Billions of dollars are flowing into digital currency. And the energy-intensive operations needed to create and store bitcoin have lit up power demand, a potential boon to the region's slow-growth utility companies.
Electricity-rich North Dakota aims to become a crypto hub. Even municipal utilities in Brainerd and Glencoe, Minn., are tapping into bitcoin production.
A new cryptocurrency operation in Jamestown, N.D. — served by Minnesota's Otter Tail Power — will easily draw twice as much electricity as the entire city. The crypto center immediately became Otter Tail's second largest customer, and it may eventually double in size.

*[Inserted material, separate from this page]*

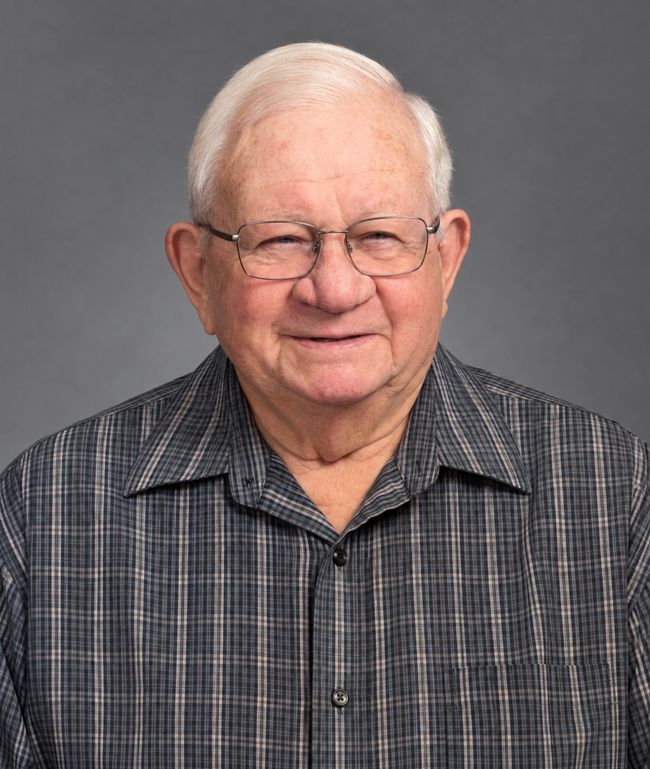 Jerome A. Hildenbrand, 83, of Mariah Hill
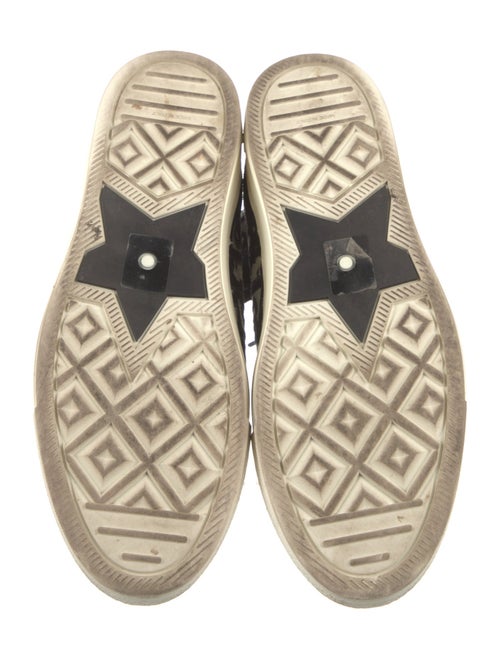 Christian Dior Walk'N'Dior Sneakers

"We are continually contacted about adding new ones," said Tim Rogelstad, president of Fergus Falls-based Otter Tail. "The question we are wrestling with is, 'What can we accommodate?'"
The fast expansion in cryptocurrency, though, comes with a catch.
If utilities don't adequately manage crypto's voracious electricity appetite, they risk saddling ratepayers with higher costs. And the U.S. electric grid — like much of the world's — is still anchored in climate-eroding fossil fuels.
That means crypto's rapid expansion is exacerbating climate change, the industry's critics say. "The question is, to what extent?" said Alex de Vries, an economist and data scientist in the Netherlands.
On his Digiconomist website, de Vries estimates bitcoin's carbon footprint is equal to that of the Czech Republic. Put in financial terms, one bitcoin transaction emits as much carbon dioxide as 2.7 million Visa credit card settlements.